The custodial grandmother was also on board.  She was getting overwhelmed caring for him, so one way or another, Isaiah would be going to someone else's custody. I spoke with her on the phone about Isaiah’s routine, his likes and dislikes.  But then we found out that Isaiah was placed in foster care.  Another monkey wrench.  Apparently, a sign that we better move on, so we did.
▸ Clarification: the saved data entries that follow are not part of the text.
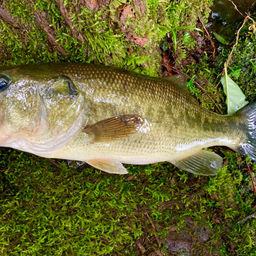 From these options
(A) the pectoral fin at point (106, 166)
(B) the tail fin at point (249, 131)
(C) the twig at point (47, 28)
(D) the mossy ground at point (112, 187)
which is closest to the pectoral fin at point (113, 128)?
(A) the pectoral fin at point (106, 166)

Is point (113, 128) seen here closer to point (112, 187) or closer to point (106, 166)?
point (106, 166)

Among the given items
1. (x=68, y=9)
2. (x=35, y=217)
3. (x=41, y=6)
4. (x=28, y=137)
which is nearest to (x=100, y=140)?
(x=28, y=137)

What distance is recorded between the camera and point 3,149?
2027 millimetres

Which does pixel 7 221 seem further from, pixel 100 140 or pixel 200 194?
pixel 200 194

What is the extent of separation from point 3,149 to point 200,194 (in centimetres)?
207

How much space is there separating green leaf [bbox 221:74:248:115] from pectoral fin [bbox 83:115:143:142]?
121 centimetres

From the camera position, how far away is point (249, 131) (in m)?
2.11

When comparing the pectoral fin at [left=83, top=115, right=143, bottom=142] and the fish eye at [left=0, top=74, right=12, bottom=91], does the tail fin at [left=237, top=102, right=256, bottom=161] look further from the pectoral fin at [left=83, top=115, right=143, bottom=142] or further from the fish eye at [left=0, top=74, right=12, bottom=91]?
the fish eye at [left=0, top=74, right=12, bottom=91]

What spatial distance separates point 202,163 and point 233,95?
86 cm

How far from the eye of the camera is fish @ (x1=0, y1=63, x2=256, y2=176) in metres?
1.49

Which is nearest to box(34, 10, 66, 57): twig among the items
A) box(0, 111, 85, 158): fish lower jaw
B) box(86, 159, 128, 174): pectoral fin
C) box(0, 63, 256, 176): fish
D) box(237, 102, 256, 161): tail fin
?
box(0, 63, 256, 176): fish

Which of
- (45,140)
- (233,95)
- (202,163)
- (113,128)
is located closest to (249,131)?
(233,95)

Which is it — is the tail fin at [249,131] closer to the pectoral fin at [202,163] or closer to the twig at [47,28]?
the pectoral fin at [202,163]

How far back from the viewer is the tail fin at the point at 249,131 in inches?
82.9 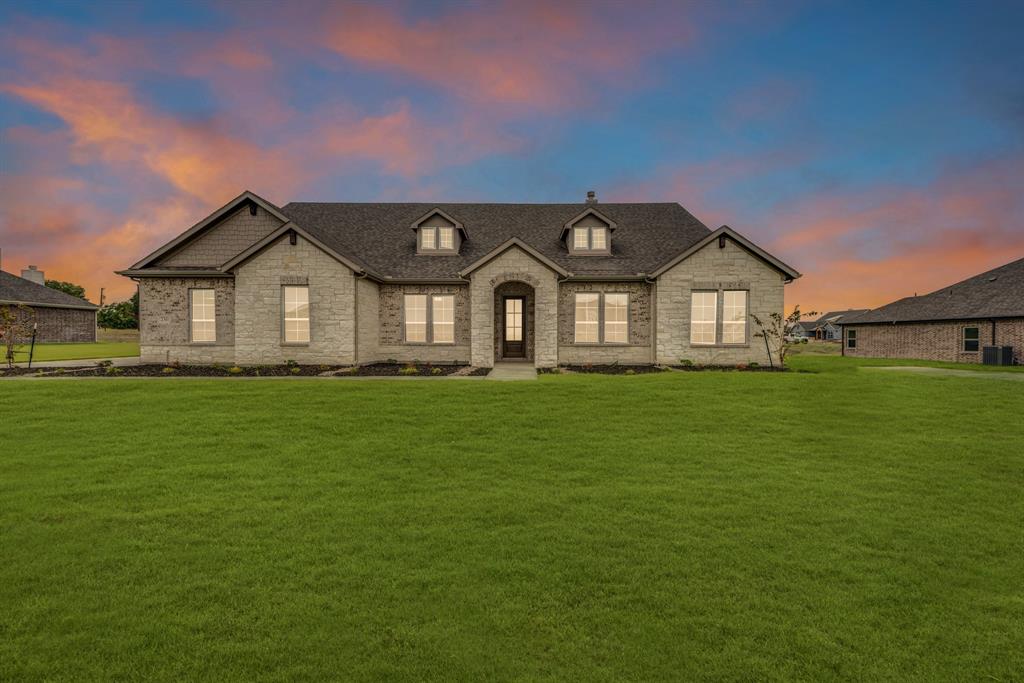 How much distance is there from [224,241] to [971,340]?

About 9 months later, and after another fall through on our end, Isaiah’s maternal grandmother contacts us again.  Legal proceedings are beginning, and she wants the courts to consider us as parents for Isaiah instead of indefinite foster care.  Another sign, right?  I accompany and assist her as she picks up her daughter from jail (let’s not go there!) and meets with one of their attorneys.  The attorney and I exchange a few words, I give him our contact info, and he expresses the opinion that the birth family’s preferences ought to be taken into consideration when choosing an adoptive family for Isaiah.

As we await news from the attorney regarding the possibility of our adopting now 18-month-old Isaiah, I have an interesting phone conversation with his maternal grandmother.  She decides that she ought to share with us information about his medical history that was never mentioned before, since we may really be taking him home now.  We already knew about his mother’s issues, though we didn’t really fully understand their ramifications.  Still, we were ok with those.  But now we’re being told that his mother also has a condition that potentially comes with a shortened lifespan!  Since she needed to wait to be tested in her 20s, the results weren’t in yet.  Once they were, we’d either know that Isaiah had not inherited this disease (I do not remember what it was exactly), or we’d have to wait until he’s in his 20s to test him to see if he developed it.  I wish I remembered what the disease was, but I don’t.  

Initially, my response was that we never know what any child will have, so we will love him no matter what.  But upon more reflection we realized that he wasn’t ours yet anyway, and we had the moral option to let someone more equipped parent a child with this set of special needs. So nearly a year and a half after first contacting Isaiah’s grandmother, we were finally putting to rest the possibility of adopting him.  We stayed in touch with the grandmother, and were happy to learn that he was adopted shortly afterwards by his foster parents.

In retrospect, it was a good way to see first hand the sort of troubled situations that birth mothers often come from when making this difficult decision.  And even though I still do not have a baby of my own in my arms, I believe the way this story ended was in the best interest of Isaiah.